How I Introduced My Daughter to Video Games
I’ve written about my daughter getting into video games before and, in truth, it wasn’t as complicated as I thought it needed to be. In my mind, it needed to be some kind of divine passing of the controller from father to child, but, well, that would have been stupid. A little bit cool, but stupid.
My daughter got into video games initially by playing games on her Kindle. We bought her a Kindle Fire for Kids with a subscription to the Fire Kids Unlimited service, basically giving her a ton of touch and tap games to play. This got her used to the idea of video games; collecting coins, completing levels, winning. Then she started to show an interest when my wife and I would play Overcooked, so we hooked up a third controller and let her run around aimlessly while we too ran around aimlessly trying to fulfil food orders. From there, I gave my daughter an old PS3, then we got PS Now, and now she is my little player 2 several afternoons a week.
I always thought that I would introduce my children to my favourite games moving through the ages. I liked the idea of them coming to appreciate how video games have evolved in my lifetime and where they are going. I wanted them to understand why thumbsticks are such a great innovation, and to experience the sensation of blowing on a cartridge before slotting it into a blocky console (even if you’re not supposed to). It turns out that all I really wanted was for my daughter to enjoy playing games with me so that we can bond over a hobby that I feel is a part of my identity. My son is beginning to show an interest now, too, though we’re some way away from me giving my whole family a beating in a Goldeneye deathmatch. One day, though.

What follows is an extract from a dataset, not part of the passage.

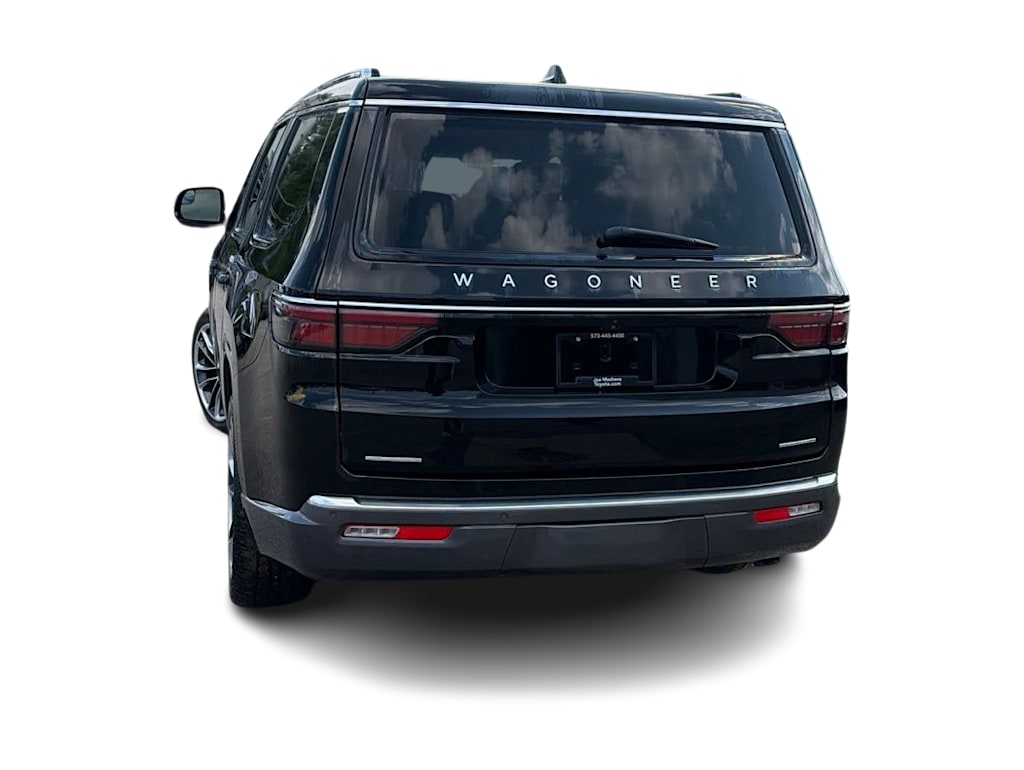 Thumbnail: 2022 Jeep Wagoneer - 17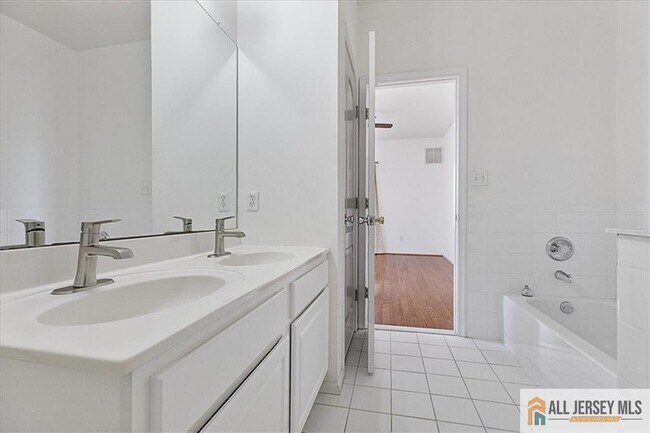 Building Photo - 932 Del Negro Ct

I do still intend to play some of the games from my youth with my kids. I don’t want them to look down on 8-bit games as being inferior – I want them to understand that fun is fun regardless of the screen resolution. But at the end of the day, all that matters is that your kids have fun, whether that is with a retro game, a modern game, or something else that interests them. As adult gamers, we’ve had our childhoods and while I know we all want to relive a piece of what we had through our little ones, sometimes it is just as much fun going on a new adventure together.